Hi,
I'm a Norwegian living in England, and have been here for 8 out of the last 10 years. I'm really unhappy, I'm a single mum and my ex isn't very nice. I have a 5 year old boy, and he's incredibly easy going and easy to please.
I have been "okay" living here for a while, but I can't picture myself living here forever. I really do not want that, and with Brexit, I feel this much more strongly. We live in poverty, and because I struggle with work due to mental health, it's really difficult to deal with this.
For various reasons that I don't want to discuss, moving to Norway is not an option right now.
I guess you can say I do have experience of expat life (I have lived in London, Essex and 3 different towns in Hampshire, as well as 2 cities in Norway where I'm from). I was happy the first two years in London, but since I have spent the remaining 8 here unhappy and in poverty.
The reason I am contemplating NL is that I now have a boyfriend there. He is okay with moving to the UK to be with us, but the more I think about it, the more I would rather take the chance and go there. I obviously need to do a lot more research, and eventually find out if my son's dad would allow it (he's a bit abusive towards me - not our son, so this might be difficult). It would be a huge upheaval for both me and my son, as we'd both need to learn a new language and adapt to a new environment. I appreciate it would be a major challenge.

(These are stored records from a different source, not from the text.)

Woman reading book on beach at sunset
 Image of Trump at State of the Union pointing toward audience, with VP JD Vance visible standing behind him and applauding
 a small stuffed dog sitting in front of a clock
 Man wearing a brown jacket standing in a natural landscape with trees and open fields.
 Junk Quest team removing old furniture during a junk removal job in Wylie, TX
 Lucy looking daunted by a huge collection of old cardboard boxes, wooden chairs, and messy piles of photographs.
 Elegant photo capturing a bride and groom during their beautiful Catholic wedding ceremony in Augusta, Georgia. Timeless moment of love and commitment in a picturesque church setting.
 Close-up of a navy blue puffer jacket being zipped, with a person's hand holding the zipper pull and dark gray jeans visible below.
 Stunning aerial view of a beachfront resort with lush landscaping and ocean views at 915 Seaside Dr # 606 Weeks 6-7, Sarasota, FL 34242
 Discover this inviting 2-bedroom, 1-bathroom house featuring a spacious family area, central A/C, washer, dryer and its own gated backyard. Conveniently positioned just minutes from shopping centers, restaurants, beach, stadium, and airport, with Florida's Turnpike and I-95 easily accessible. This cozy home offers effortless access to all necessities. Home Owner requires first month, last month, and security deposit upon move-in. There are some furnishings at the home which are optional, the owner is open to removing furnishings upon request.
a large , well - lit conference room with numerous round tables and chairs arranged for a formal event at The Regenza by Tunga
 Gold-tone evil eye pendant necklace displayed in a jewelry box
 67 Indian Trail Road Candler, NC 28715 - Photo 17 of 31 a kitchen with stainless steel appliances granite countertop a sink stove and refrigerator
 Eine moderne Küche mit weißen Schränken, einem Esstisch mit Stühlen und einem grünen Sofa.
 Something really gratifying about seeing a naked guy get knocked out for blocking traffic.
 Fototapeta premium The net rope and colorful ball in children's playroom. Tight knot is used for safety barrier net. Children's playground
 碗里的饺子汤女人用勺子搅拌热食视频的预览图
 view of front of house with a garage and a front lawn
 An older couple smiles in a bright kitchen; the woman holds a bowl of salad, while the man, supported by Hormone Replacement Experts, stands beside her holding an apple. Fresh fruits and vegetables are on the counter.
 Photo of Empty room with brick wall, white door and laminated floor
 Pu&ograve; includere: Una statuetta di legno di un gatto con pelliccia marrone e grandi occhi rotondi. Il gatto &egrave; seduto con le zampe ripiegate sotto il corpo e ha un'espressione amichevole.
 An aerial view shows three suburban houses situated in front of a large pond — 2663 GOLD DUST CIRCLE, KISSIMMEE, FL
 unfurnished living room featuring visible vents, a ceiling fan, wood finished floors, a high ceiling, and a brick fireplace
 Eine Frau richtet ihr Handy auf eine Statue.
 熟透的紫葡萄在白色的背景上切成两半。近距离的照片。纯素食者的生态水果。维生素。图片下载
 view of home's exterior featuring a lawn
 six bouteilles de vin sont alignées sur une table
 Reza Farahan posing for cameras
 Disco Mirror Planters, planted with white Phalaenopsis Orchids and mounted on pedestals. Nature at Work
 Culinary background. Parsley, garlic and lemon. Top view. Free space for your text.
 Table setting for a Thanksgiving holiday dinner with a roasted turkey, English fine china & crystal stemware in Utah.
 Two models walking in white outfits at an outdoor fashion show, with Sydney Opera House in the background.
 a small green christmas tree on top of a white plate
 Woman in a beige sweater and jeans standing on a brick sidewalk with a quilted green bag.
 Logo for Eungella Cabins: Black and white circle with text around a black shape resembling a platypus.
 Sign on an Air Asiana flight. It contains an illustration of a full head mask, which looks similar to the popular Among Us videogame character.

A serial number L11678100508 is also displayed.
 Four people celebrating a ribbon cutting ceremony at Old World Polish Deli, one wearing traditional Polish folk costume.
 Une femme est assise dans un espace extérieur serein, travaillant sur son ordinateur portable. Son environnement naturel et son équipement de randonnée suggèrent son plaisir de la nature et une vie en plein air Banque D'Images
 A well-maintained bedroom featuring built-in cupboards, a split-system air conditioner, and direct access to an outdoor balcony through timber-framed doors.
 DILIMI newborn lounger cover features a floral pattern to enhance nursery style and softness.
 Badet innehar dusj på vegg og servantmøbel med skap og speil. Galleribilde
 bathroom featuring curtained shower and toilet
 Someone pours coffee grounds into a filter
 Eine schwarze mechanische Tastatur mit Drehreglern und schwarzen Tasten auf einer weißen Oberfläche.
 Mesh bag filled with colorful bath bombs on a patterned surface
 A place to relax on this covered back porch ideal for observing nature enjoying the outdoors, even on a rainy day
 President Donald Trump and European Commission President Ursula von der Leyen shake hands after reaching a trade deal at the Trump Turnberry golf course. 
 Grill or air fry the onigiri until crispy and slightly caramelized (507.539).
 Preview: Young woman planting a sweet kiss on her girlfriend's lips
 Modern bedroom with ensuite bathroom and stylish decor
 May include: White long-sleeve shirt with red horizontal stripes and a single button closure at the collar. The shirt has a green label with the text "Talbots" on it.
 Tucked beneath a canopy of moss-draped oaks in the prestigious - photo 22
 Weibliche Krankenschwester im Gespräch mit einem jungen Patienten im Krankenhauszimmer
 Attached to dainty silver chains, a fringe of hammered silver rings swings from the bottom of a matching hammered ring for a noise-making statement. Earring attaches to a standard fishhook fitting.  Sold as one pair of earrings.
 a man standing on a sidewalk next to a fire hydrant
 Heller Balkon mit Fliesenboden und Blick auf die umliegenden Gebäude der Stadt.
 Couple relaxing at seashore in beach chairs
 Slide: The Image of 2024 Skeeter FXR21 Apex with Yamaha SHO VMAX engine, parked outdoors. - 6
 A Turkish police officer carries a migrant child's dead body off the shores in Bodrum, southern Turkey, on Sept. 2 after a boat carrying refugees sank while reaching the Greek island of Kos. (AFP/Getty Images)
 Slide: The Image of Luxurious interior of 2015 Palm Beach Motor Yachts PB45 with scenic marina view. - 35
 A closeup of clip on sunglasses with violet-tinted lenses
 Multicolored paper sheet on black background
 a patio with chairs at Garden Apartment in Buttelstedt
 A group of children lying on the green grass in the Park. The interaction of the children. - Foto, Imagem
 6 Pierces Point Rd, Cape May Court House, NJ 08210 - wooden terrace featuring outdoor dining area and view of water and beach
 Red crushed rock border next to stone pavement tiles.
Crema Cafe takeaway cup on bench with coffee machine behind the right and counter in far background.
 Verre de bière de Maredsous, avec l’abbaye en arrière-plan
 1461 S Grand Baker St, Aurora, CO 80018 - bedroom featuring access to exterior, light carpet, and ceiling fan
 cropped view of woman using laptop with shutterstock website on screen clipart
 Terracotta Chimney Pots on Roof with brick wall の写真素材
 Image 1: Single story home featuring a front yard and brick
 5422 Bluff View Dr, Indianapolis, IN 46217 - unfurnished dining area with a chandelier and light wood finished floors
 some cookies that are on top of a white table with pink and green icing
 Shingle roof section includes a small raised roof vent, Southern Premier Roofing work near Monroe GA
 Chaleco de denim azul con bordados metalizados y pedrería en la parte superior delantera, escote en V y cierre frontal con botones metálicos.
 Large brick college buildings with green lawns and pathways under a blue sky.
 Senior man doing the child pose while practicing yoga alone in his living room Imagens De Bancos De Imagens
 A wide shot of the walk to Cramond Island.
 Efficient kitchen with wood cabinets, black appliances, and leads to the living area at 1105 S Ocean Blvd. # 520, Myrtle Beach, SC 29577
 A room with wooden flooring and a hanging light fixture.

Please don't think I'm anti-UK or anything, I'm not, it's just that this country doesn't allow me to be happy for some reason. I have a few lovely friends that I would miss, but no real support network, and no family other than my son. The schools in our town are also kind of terrible, but we are stuck in this flat due to being on UC. With Brexit, I don't actually know if I'd still be able to claim UC after, by which point we would either be homeless or have to leave the country anyway.
I'm not in any way thinking NL is the most fantastic place in the world, but I feel it might be a better option for us now.
Please, any advice or ideas? How can I make this decision?